Work task. Using the entries below, restate word for word only the lines from the one with "31 Walden Manor" to the final line, leaving the pictures out.

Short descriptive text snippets
[Start of section]
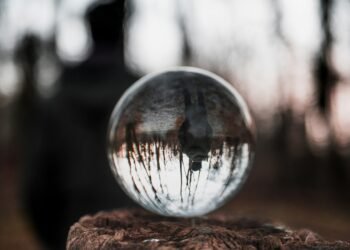 Can transdiagnostic approaches shut the care hole for distressed youth?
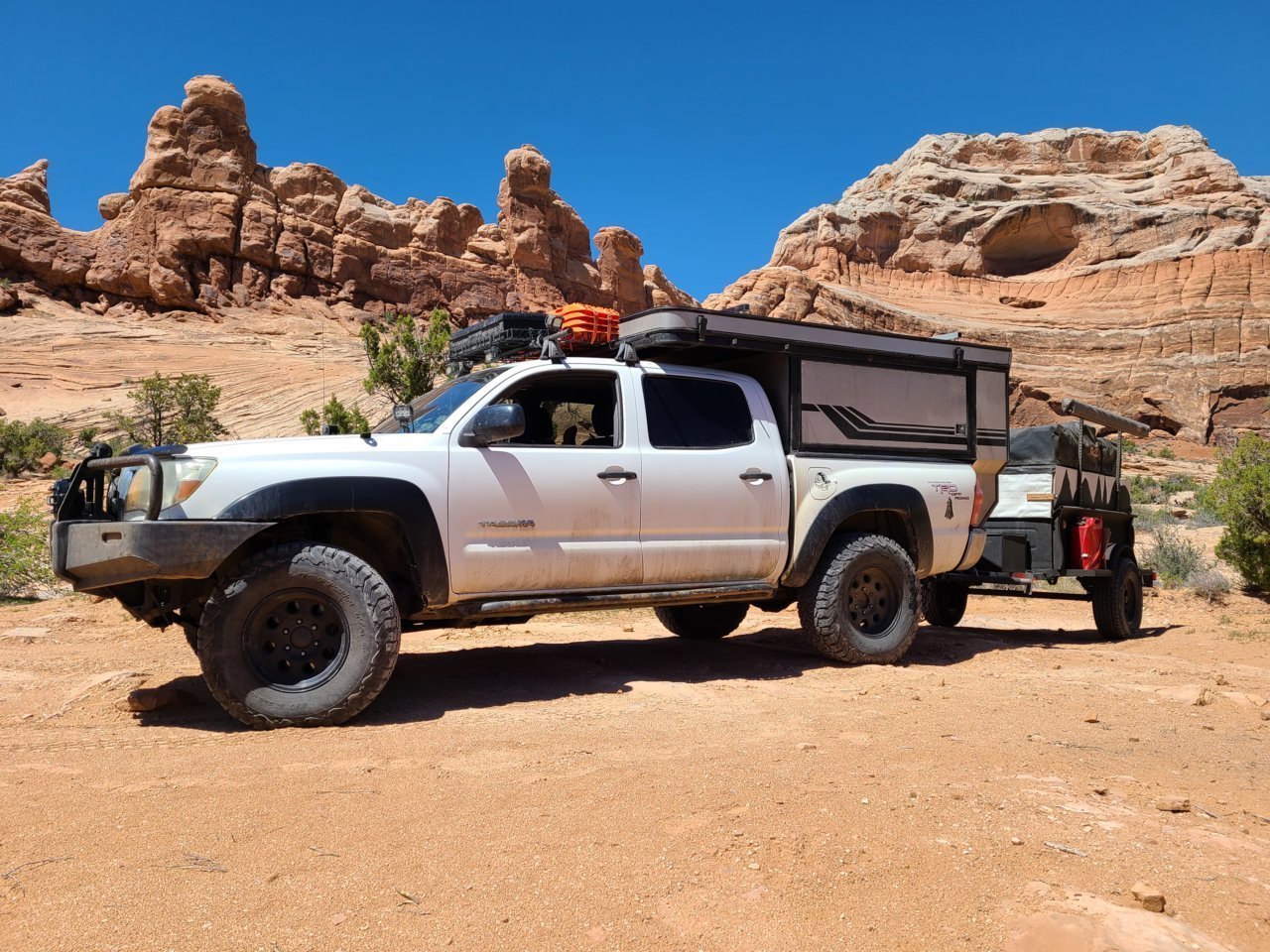 trucko and trailer.jpg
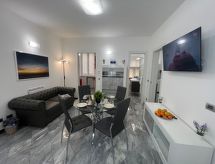 Raineri House by Holiday World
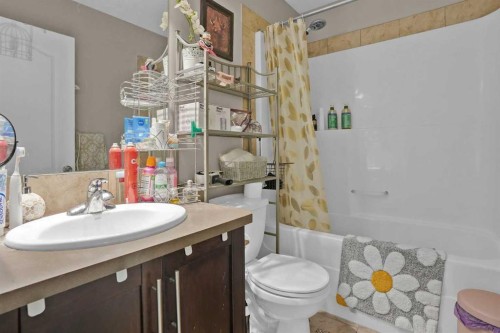 31 Walden Manor Se, Calgary, AB - Indoor Photo Showing Bathroom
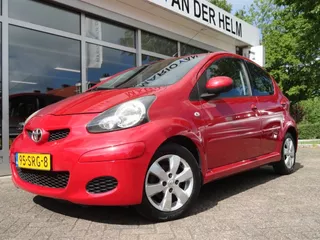 Toyota Aygo 1.0-12V Aspiration Red Navigator Airco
[End of section]
Your response.
 31 Walden Manor Se, Calgary, AB - Indoor Photo Showing Bathroom
 Toyota Aygo 1.0-12V Aspiration Red Navigator Airco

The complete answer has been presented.